Here's some evidence:
When addressing ethical challenges women are more likely to place a high value on taking care of people's emotions and creating collaborative solutions to problems--instead of focusing primarily on principles, as men are more likely to. Regardless of technically having access to all fields, women still choose their work by very predictable criteria--on average, we're far more likely than men to be motivated into our career path by wanting to help people. We also want a lot more emotional feedback from our professors then men do.
Perhaps most tellingly, we perform far better--especially in technical fields--when placed in classrooms with no men, whereas men perform the same or worse in single gender classrooms.* Usually people explain this in terms of men showing off for women, and women "showing off" their suitability as mates by not being intellectually intimidating.

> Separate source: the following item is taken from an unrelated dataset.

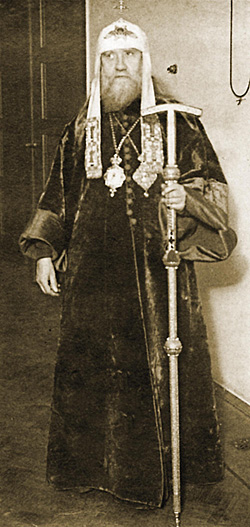 Один из первых снимков Тихона в сане патриарха. Фото: ng-religion.ru Один из первых снимков Тихона в сане патриарха. Фото: ng-religion.ru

I think it useful to contextualize this differently. What is a woman doing when she chooses not to be intellectually intimidating, other than looking after the emotional welfare of her potential colleagues and partners? And why is it that, rather than recognizing that by looking after people's emotions she is performing a valuable service (maybe the reason some studies show that men perform better with women in the room?) which needs to be done by somebody in order for everybody to function well, we simply try to "empower" her out of it?
This is a problem I see with basically every kind of "women's work." Liberating some women from housework doesn't change the fact that housework definitely needs to be done--and that this problem is often "solved" by hiring someone of a lower economic status to do this thankless job instead. Encouraging women not to be completely bound to parenting doesn't change the fact that parenting is a spectacularly important project, which deserves to be done well. The wage gap (for the same hours working outside the home) between mothers and non-mothers is far larger these days than the wage gap between men and women; chew on that.
When you look at the lives of great intellectual men, they are often littered by complicated, even ugly relationships with bright or even brilliant women who never accomplished anything particularly visible themselves. Maybe, there was work going on there too--work of a different kind, work that we ought to recognize. Maybe it will never be possible for women to reach their full technical and intellectual potential until men start to reach their full emotional and relational potential--until men start carrying their weight in doing the work of relationships, along with all the other marginalized kinds of work traditionally left to women.
*Not better or worse as compared to one's classmates, but on national standardized tests like the GRE subject tests.